### PROBLEM DESCRIPTION
Return the data below exactly, minus the pictures.

### Image-text web data

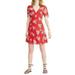 Madewell Dresses | Madewell Red Floral Striped Daisy Society Button Faux Wrap Dress | Color: Red/White | Size: 6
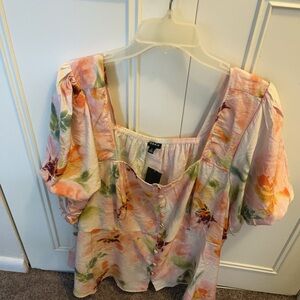 Torrid Floral Puff Sleeve Blouse plus size 3X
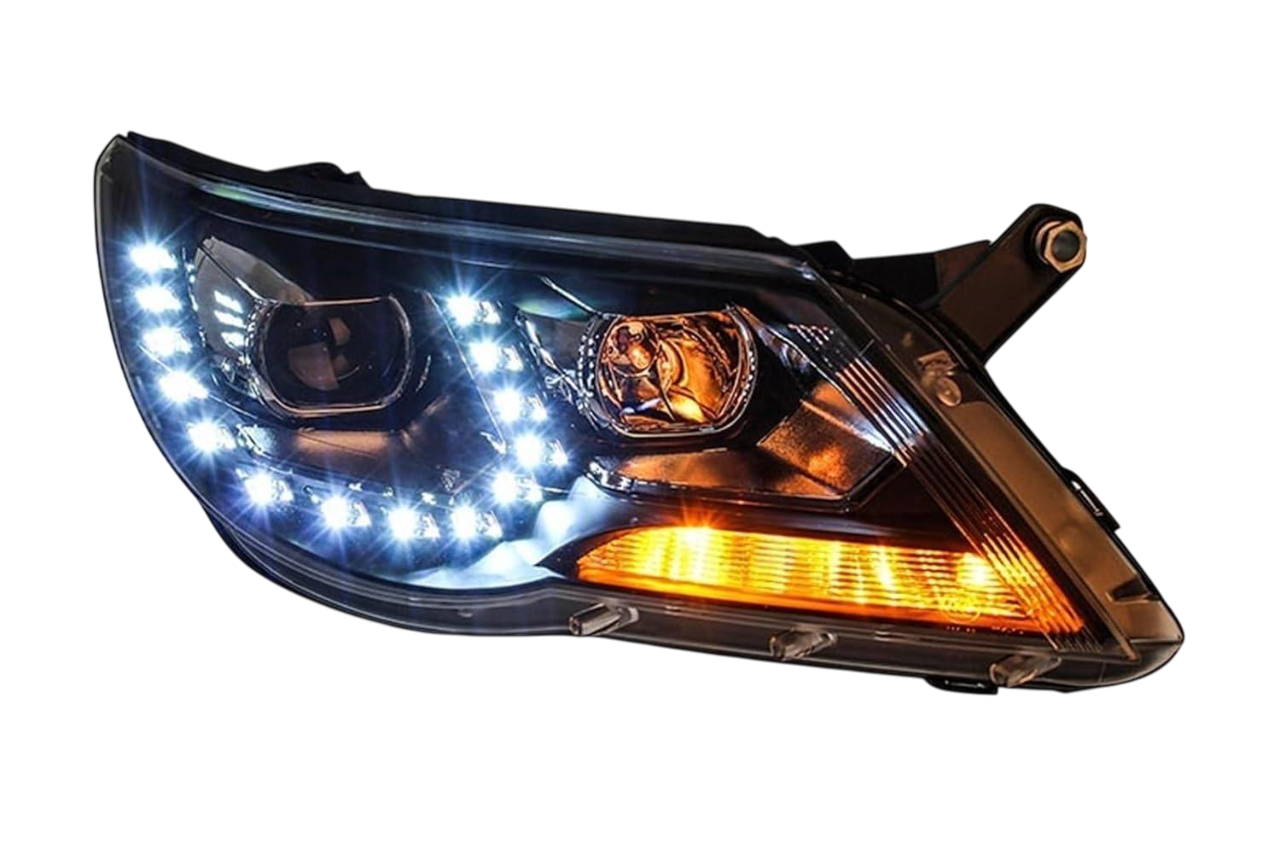 Фары передние GBT 2007-2010 для Volkswagen Tiguan 2007-2016 гг. поликарбонат 2 шт. Черный (150925)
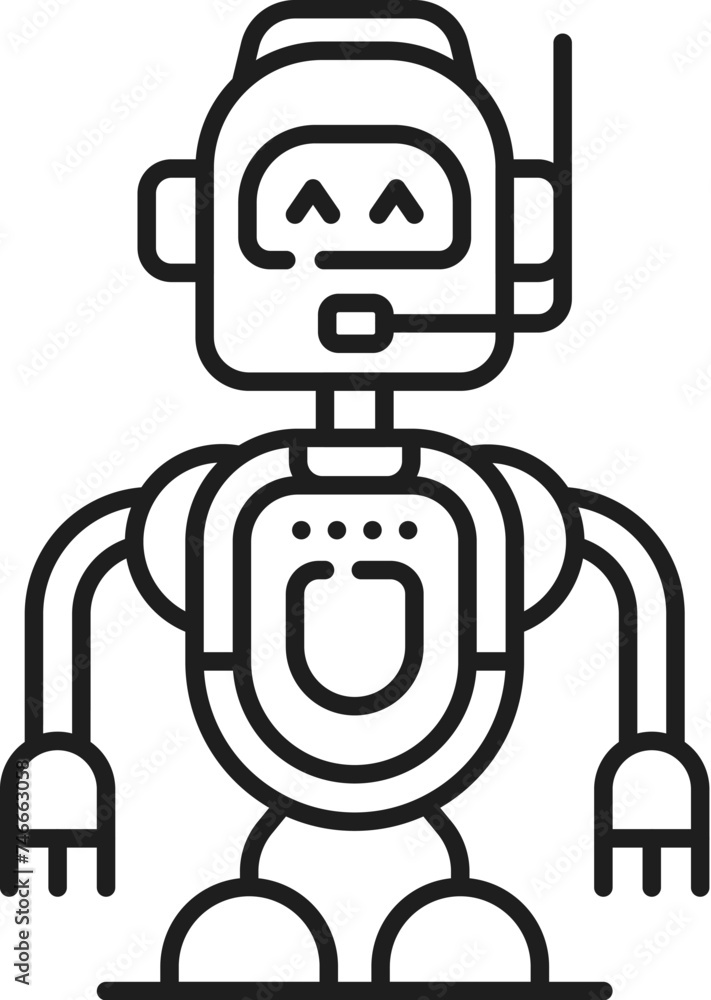 Poster chatbot funny robot line and outline icon or sign. virtual assistant artificial intelligence robot l
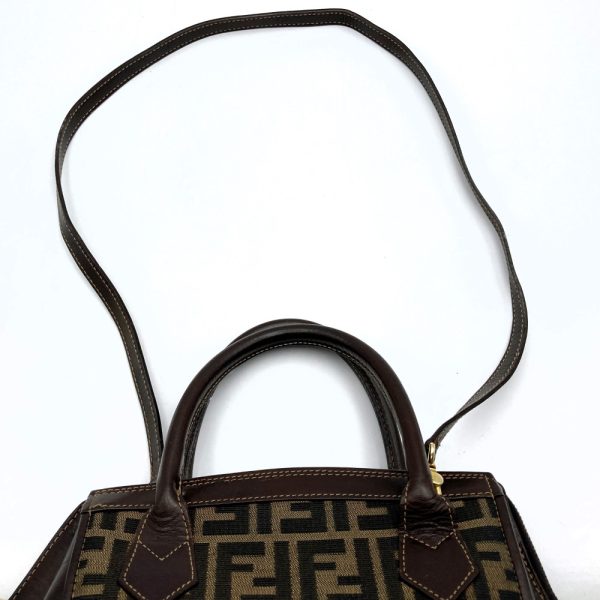 itoi8gmmge20 6 Fendi Zucca Pattern Canvas 2 Way Shoulder Bag Brown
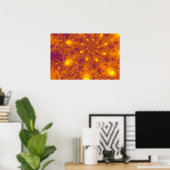 GOLDENE ORANGE-FRACTAL-KUNST – PSYCHEDELISCHE SPIR POSTER (Heimbüro)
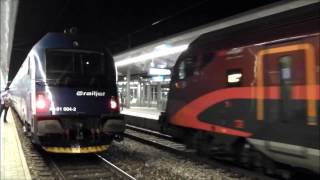 Wien Meidling [Teil 7: Nächtl. Bahnverkehr] mit ICE-T, ÖBB & ČD railjets +Werbelok, Wiener S-Bahn
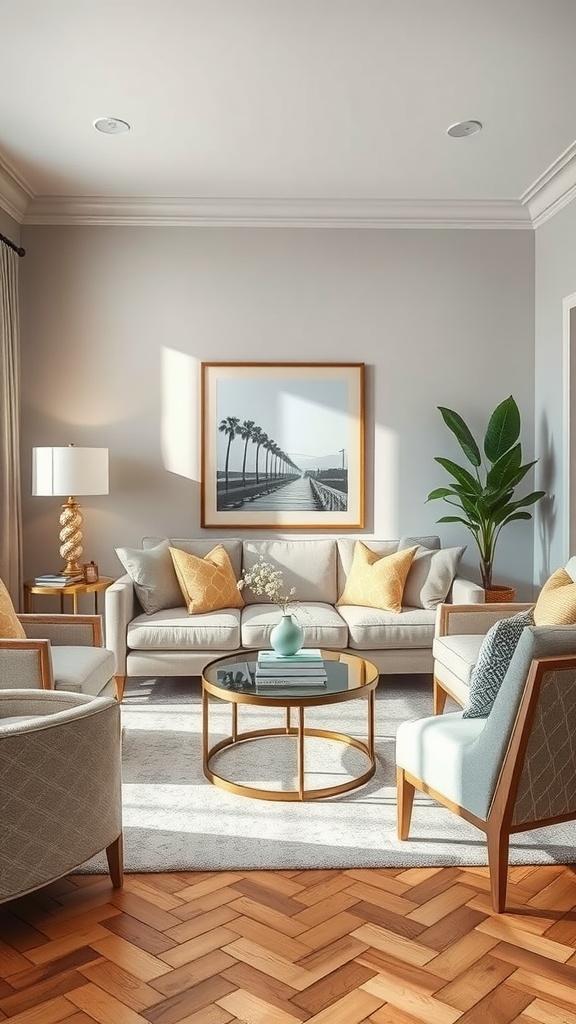 A stylish sitting room featuring a grey sofa with yellow pillows, a round coffee table, a large black-and-white artwork, and a green plant.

### SOLUTION TO THE PROBLEM
 Madewell Dresses | Madewell Red Floral Striped Daisy Society Button Faux Wrap Dress | Color: Red/White | Size: 6
 Torrid Floral Puff Sleeve Blouse plus size 3X
 Фары передние GBT 2007-2010 для Volkswagen Tiguan 2007-2016 гг. поликарбонат 2 шт. Черный (150925)
 Poster chatbot funny robot line and outline icon or sign. virtual assistant artificial intelligence robot l
 itoi8gmmge20 6 Fendi Zucca Pattern Canvas 2 Way Shoulder Bag Brown
 GOLDENE ORANGE-FRACTAL-KUNST – PSYCHEDELISCHE SPIR POSTER (Heimbüro)
 Wien Meidling [Teil 7: Nächtl. Bahnverkehr] mit ICE-T, ÖBB & ČD railjets +Werbelok, Wiener S-Bahn
 A stylish sitting room featuring a grey sofa with yellow pillows, a round coffee table, a large black-and-white artwork, and a green plant.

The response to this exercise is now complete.